= Ben Bag-Bag =

Talmud rabbi

Ben Bag-Bag (בֶּן בַּג בַּג, literally, son of Bag-Bag) was a rabbinic sage and disciple of Hillel the Elder during the late Zugot or early Tannaitic period. Aside from a single maxim quoted toward the end of tractate Avot—commonly referred to as Pirkei Avot—of the Mishnah, he is not mentioned elsewhere in the Mishnah (though he is mentioned in tractate Pesachim 96a:9 of the Talmud, among other instances). The maxim, in Israeli Jewish scholar Rabbi Joshua Kulp's translation of Pirkei Avot 5:22, reads:

Turn it over, and [again] turn it over, for all is therein. And look into it; and become old and gray therein; and do not move away from it, for you have no better portion than it.
 This maxim is followed by that of another sage, ben Hei-Hei (בֶּן הֵא הֵא). Wilhelm Bacher, in Agadat Hatana'im, wrote that some consider ben Bag-Bag and ben Hei-Hei to be the same individual.

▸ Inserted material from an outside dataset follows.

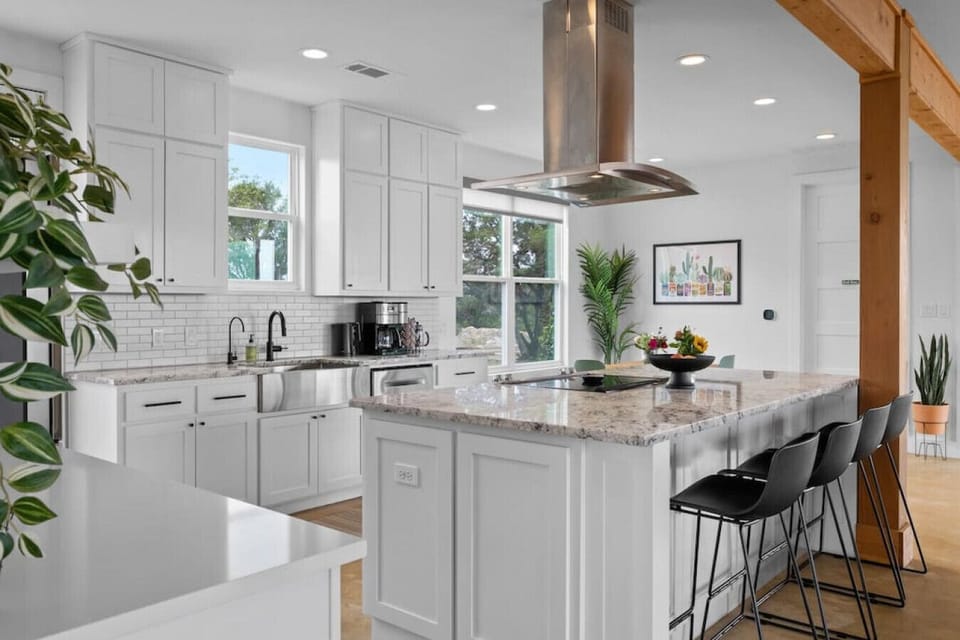 A cook`s delight, our kitchen features a vast island, walk-in pantry, and reverse osmosis tap. High-end appliances, comprehensive cookware, and a dining nook make meal prep a pleasure.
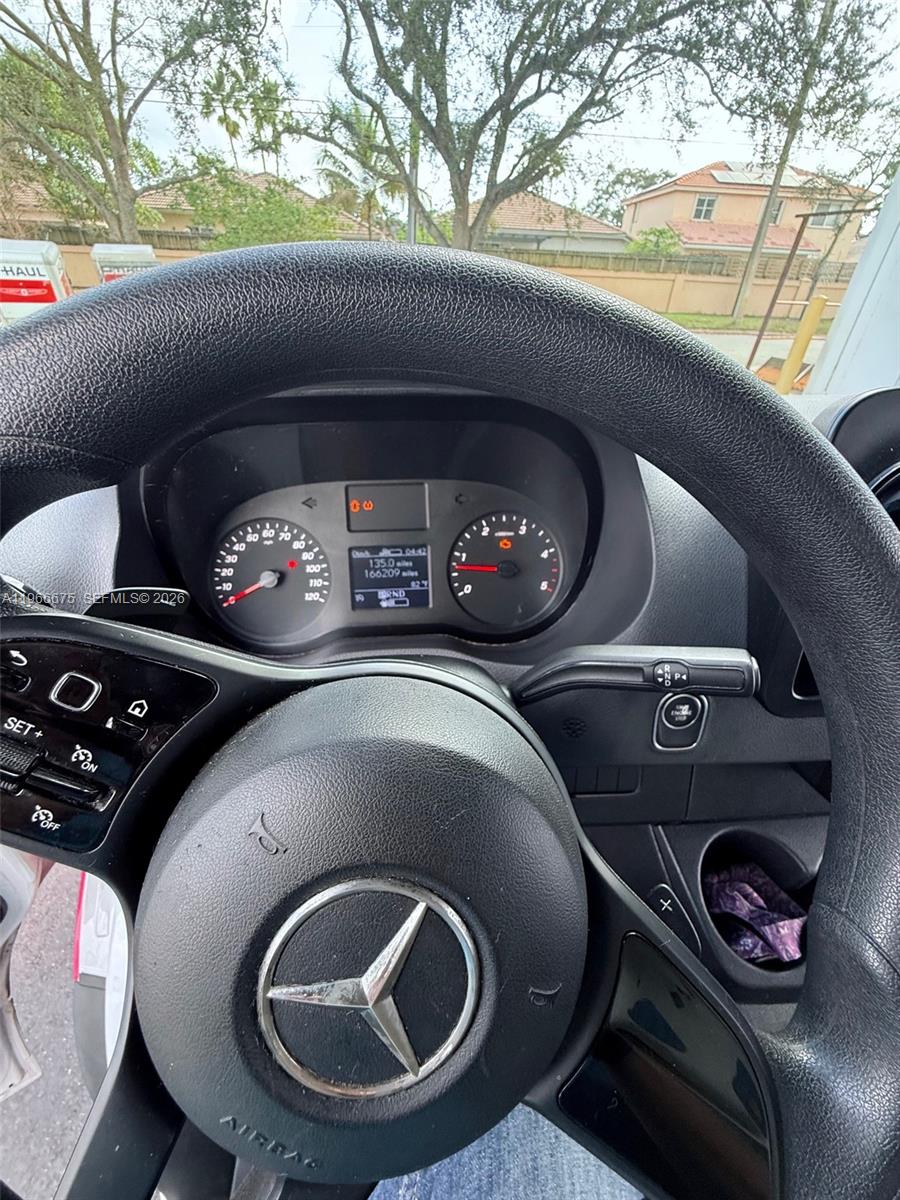   /   sq. ft. $ 2026-02-17 0 foto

A legend reported in Tosafot's commentary on tractate Chagigah 9b:10 is that both ben Bag-Bag and ben Hei-Hei were converts to Judaism, or gerim in Hebrew. Some speculate that the unusual names the individuals were given in Rabbinic literature were intended to conceal their identities from Roman authorities during the empire's occupation of Judaea. Another tradition holds that ben Bag-Bag was the man—sometimes described as a Roman soldier—who, in a tale of Rabbis Hillel and Shammai, requested they teach him the whole Torah while standing on one foot.

Some also identify ben Bag-Bag with Yoḥanan ben Bag-Bag (יוֹחָנָן בֶּן בַּג בַּג), a tanna mentioned in tractate Kiddushin 10b:4.